The results of the present study indicate that, in patients on chronic hemodialysis, DA is associated with increased probability of IDH and with the number of intradialytic hypotensive events.

Despite continuous progress in the dialysis technologies, IDH remains a common complication of hemodialysis3 that contributes to reducing the tolerability of dialysis and is associated with morbidity and mortality.3,4 IDH causes a drop in cardiac output, which may lead to multiorgan dysfunction with an increased risk of myocardial infarction, heart failure, and neurologic complications.4–8

Several factors might account for the association of IDH with DA.5–10 It has been reported that endothelial dysfunction is associated with IDH due to the effect of dialysis on several serum mediators of the endothelial function.17 Accordingly, DA might be associated with endothelial dysfunction. Also, vascular calcification, which increases with the duration of dialysis,18 might be responsible for the impairment of vasoconstriction and for arterial stiffness resulting in IDH. Finally, the observation that in the present study the IDWG was significantly correlated with DA may also contribute to explain the association of IDH with DA. It remains to be determined if other factors, which may contribute to IDH such as impaired baroreflex sensitivity, reaction of resistance and capitance vessels and autonomic dysfunction6,19–22 are associated with DA in patients on chronic hemodialysis.

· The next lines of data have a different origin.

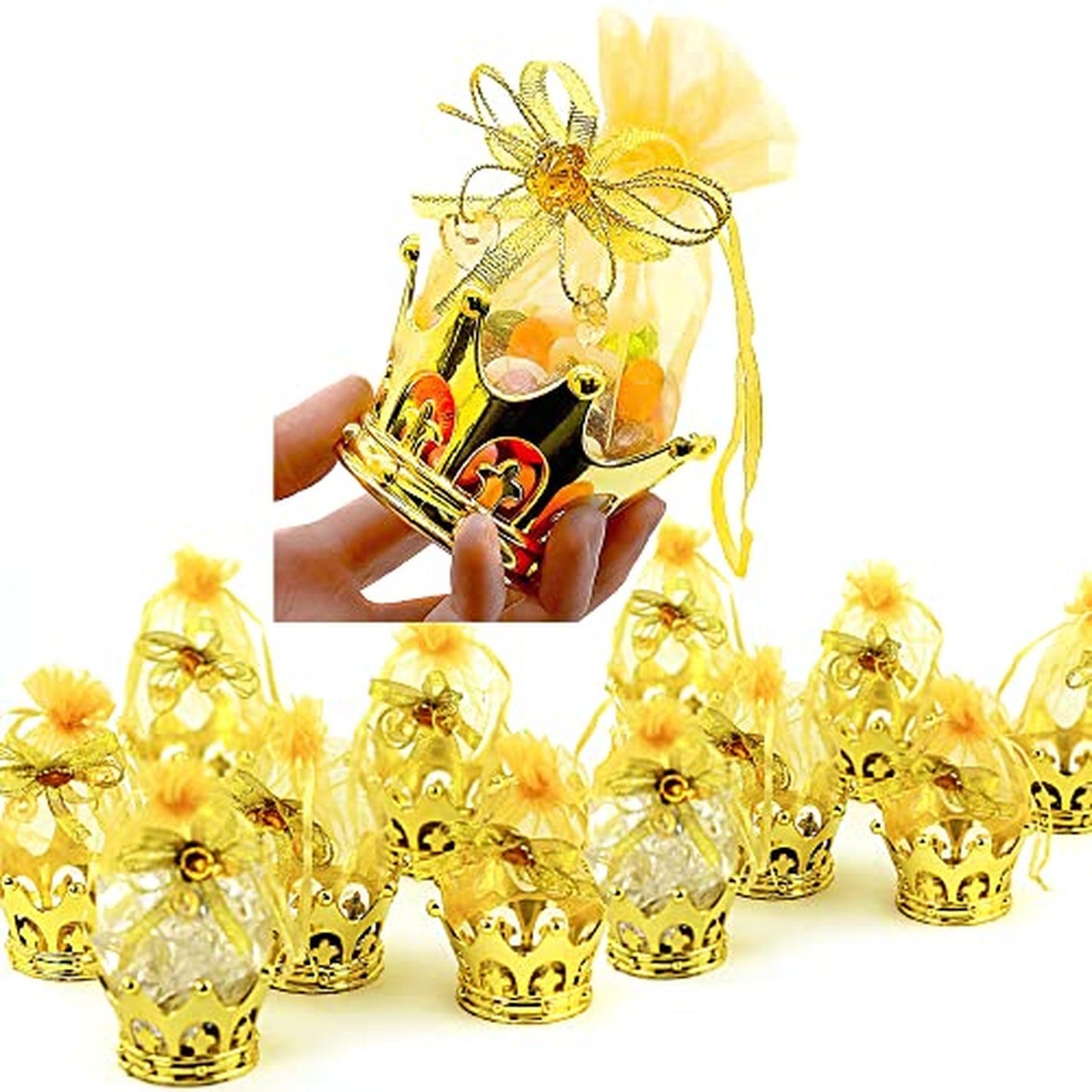 Fillable Gold Crown Party Favors with Flower Pouch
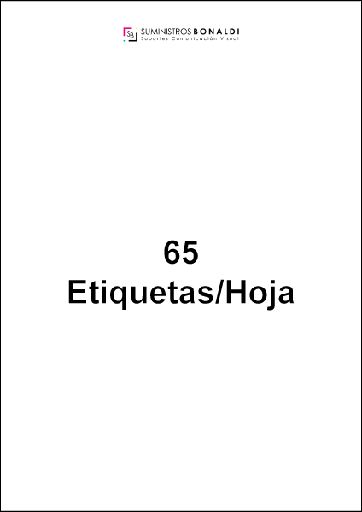 Etiqueta Adhesiva Precortada - 65 Etiquetas/Hoja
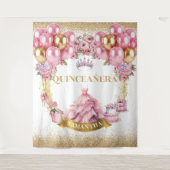 Elegante Quinceañera Achtergrond Roze Jurk Ballonn Wandkleed (Voorkant)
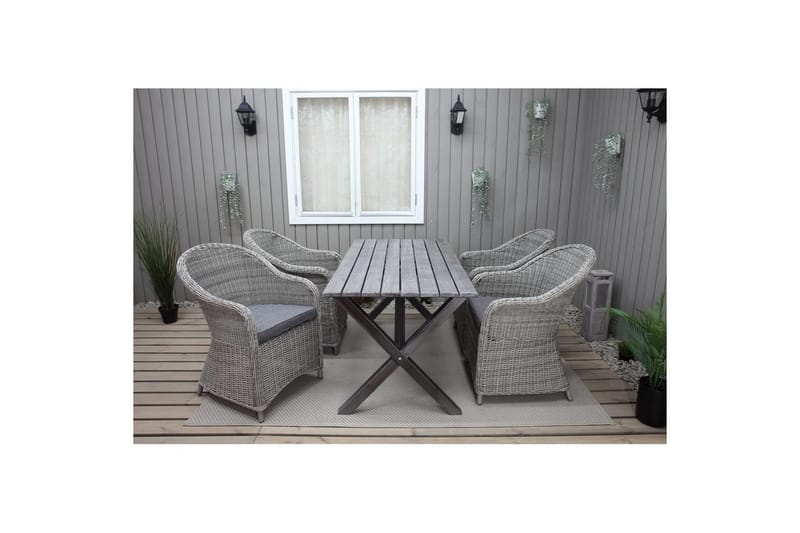 Utomhusmöbelgrupp 150 cm Bord & 4 Belize grå stolar Grå - Grå - Utemöbler - Utegrupp - Matgrupp utomhus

The percent IDWG also was correlated with IDH. High IDWG may be the result of consumption of beverages with high caloric values and/or solid food or, alternatively, it may represent excessive intake of water and/or salt.1 Our results are in agreement with those of Takeda et al.23 who demonstrated that excessive interdialytic weight gain was one of the independent risk factors for IDH in a cohort of 111 patients on chronic hemodialysis. Similarly, Lindberg et al.24 have shown, examining the records of 4498 patients of the Swedish Dialysis Database during 2002 to 2006, that patient characteristics associated with IDWG were younger age, lower body mass index, longer, and high blood pressure and DA. Interestingly, Lai et al.25 have shown that both absolute IDWG and IDWG% were significantly correlated with IDH in men and heavy women and that absolute IDWG, rather than IDWG%, was an independent risk factor for IDH in heavy men and heavy women. It has also been reported that IDWG <1.5 kg/2 days is associated with fewer hyper- or hypotensive episodes.26

The observation that systolic blood pressure and hemoglobin levels were positively associated with IDH is difficult to explain Takeda et al.23 have recently reported that no correlation was found between predialysis blood pressure values or addition of antihypertensive medications and the incidence of IDH. Possibly, higher hemoglobin levels may be expression of plasma concentration and relatively low blood volume. It is well known that these conditions may predispose to IDH.1,6

IDH was not correlated with age or with comorbidities. This in accordance with the study of Capuano et al. that showed that IDH was not more prevalent in elderly than in younger hemodialysis patients and in those with multiple comorbidities. This is an interesting result that suggests that frailty does not necessarily predispose to IDH in patients on chronic hemodialysis.27

The present study has some limitations. First, the cross-sectional design has not allowed establishing any cause-effect relationship. Second, the study lacks measurement of endothelial function and inflammatory markers. Third, due to its monocentric design, our study should be considered preliminary in nature.

However, as the number of subjects on chronic dialysis is rapidly growing, our results may be worthy of interest having in mind the improvement of care policy for patients on long-term dialysis.

In conclusion, DA is associated with an increased probability of IDH and with increased number of IHD events. Dedicated studies are needed to understand the underlying factors of such an association.

Declaration of interest

The authors report no conflicts of interest. The authors alone are responsible for the content and writing of the article.